Wednesday, April 30, 2008
Today's Forex News
Forex Article Of The Month
Currency Trading: Understanding the Basics of Currency Trading
Investors and traders around the world are looking to the Forex market as a new speculation opportunity. But, how are transactions conducted in the Forex market? Or, what are the basics of Forex Trading? Before adventuring in the Forex market we need to make sure we understand the basics, otherwise we will find ourselves lost where we less expected. This is what this article is aimed to, to understand the basics of currency trading.
What is traded in the Forex market?
The instrument traded by Forex traders and investors are currency pairs. A currency pair is the exchange rate of one currency over another. The most traded currency pairs are:
EUR/USD: Euro
GBP/USD: Pound
USD/CAD: Canadian dollar
USD/JPY: Yen
USD/CHF: Swiss franc
AUD/USD: Aussie
These currency pairs generate up to 85% of the overall volume generated in the Forex market.
So, for instance, if a trader goes long or buys the Euro, she or he is simultaneously buying the EUR and selling the USD. If the same trader goes short or sells the Aussie, she or he is simultaneously selling the AUD and buying the USD.
The first currency of each currency pair is referred as the base currency, while second currency is referred as the counter or quote currency.

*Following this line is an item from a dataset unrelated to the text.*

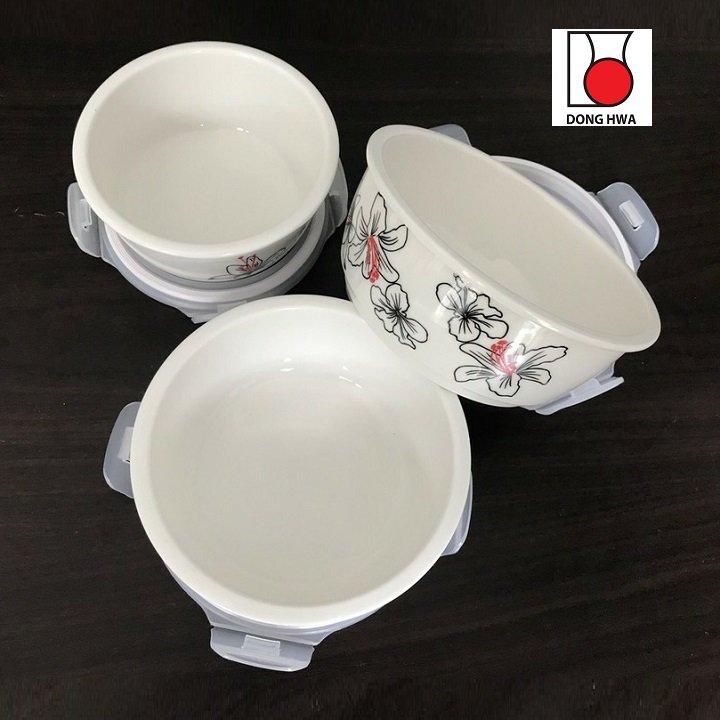 [HCM]hộp đựng cơm trưa- hộp đựng cơm bằng sứ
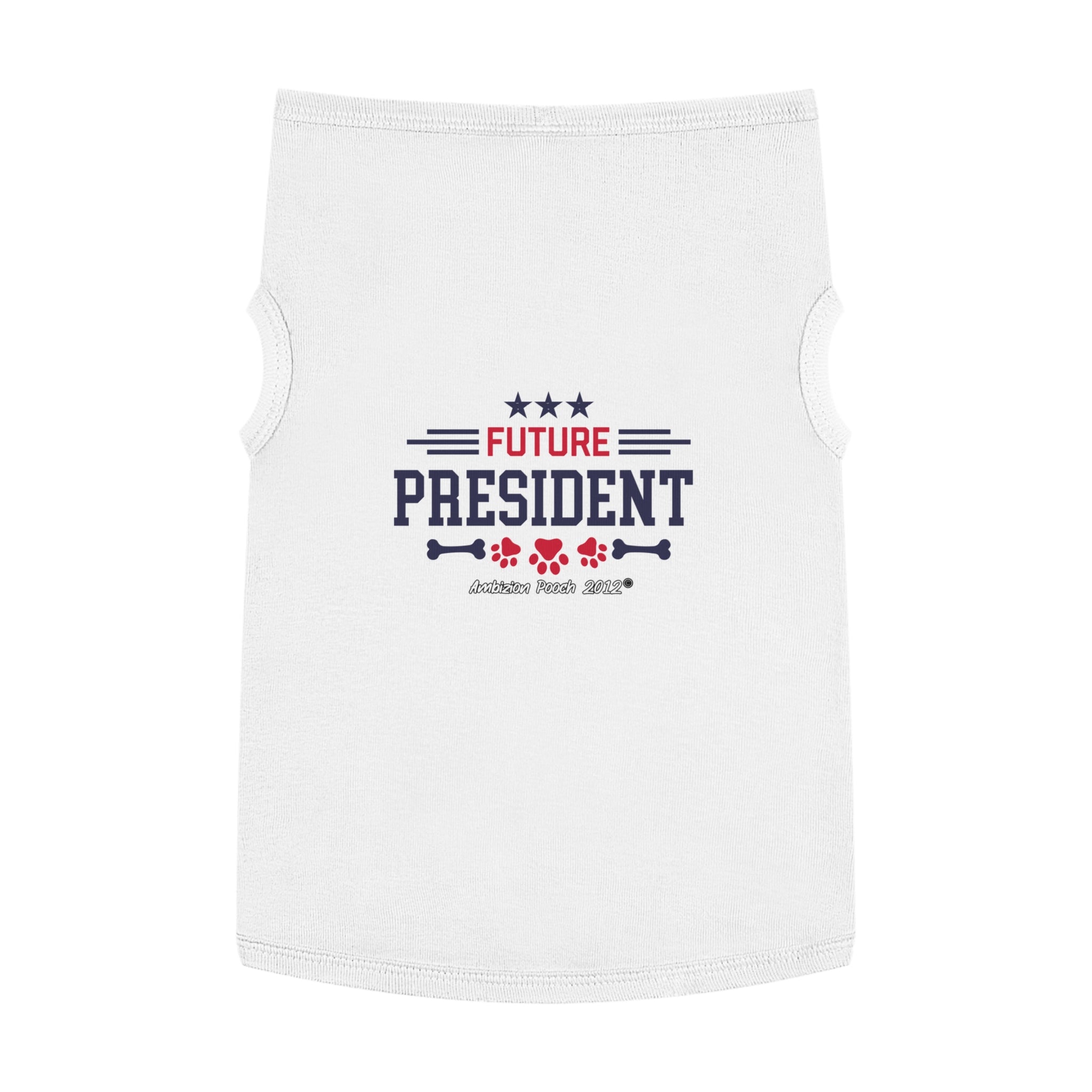 Future President Doggy Tank Top — "Future Vice President" (Pet & Parent Matching)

Each currency pair is expressed in units of the counter currency needed to get one unit of the base currency.
If the price or quote of the EUR/USD is 1.2545, it means that 1.2545 US dollars are needed to get one EUR.
Bid/Ask Spread
All currency pairs are commonly quoted with a bid and ask price. The bid (always lower than the ask) is the price your broker is willing to buy at, thus the trader should sell at this price. The ask is the price your broker is willing to sell at, thus the trader should buy at this price.
EUR/USD 1.2545/48 or 1.2545/8
The bid price is 1.2545
The ask price is 1.2548
A Pip
A pip is the minimum incremental move a currency pair can make. Pip stands for price interest point. A move in the EUR/USD from 1.2545 to 1.2560 equals 15 pips. And a move in the USD/JPY from 112.05 to 113.10 equals 105 pips.
Margin Trading (leverage)
In contrast with other financial markets where you require the full deposit of the amount traded, in the Forex market you require only a margin deposit. The rest will be granted by your broker.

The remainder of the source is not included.